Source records

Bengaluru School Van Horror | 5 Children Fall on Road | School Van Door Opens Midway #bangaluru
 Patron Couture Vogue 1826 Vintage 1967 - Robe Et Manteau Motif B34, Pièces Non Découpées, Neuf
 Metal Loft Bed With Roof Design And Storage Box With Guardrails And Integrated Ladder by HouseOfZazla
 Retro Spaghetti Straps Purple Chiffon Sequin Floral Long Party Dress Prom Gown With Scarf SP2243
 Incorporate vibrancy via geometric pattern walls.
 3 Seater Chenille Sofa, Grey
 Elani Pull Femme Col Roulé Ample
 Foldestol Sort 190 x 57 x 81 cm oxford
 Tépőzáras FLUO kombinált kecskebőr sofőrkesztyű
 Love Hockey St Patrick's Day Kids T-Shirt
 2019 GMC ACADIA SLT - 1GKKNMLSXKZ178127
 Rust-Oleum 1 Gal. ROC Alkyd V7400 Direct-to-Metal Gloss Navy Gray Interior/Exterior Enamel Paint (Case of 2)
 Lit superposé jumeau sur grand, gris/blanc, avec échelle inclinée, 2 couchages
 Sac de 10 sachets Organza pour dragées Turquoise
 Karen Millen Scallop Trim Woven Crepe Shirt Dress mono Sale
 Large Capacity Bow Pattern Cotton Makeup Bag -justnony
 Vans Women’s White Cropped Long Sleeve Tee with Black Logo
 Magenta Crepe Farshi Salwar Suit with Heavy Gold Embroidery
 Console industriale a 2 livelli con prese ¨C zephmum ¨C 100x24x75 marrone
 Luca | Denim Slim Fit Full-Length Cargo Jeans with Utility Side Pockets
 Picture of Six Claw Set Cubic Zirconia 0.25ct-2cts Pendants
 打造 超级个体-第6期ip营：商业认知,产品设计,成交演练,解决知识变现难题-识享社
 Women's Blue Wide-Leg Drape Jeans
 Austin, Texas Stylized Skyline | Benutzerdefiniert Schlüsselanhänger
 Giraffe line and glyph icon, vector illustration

# WORK INSTRUCTION
Go through the entries and report every line with the string "Women".

# RESULT OF THIS TASK
 Vans Women’s White Cropped Long Sleeve Tee with Black Logo
 Women's Blue Wide-Leg Drape Jeans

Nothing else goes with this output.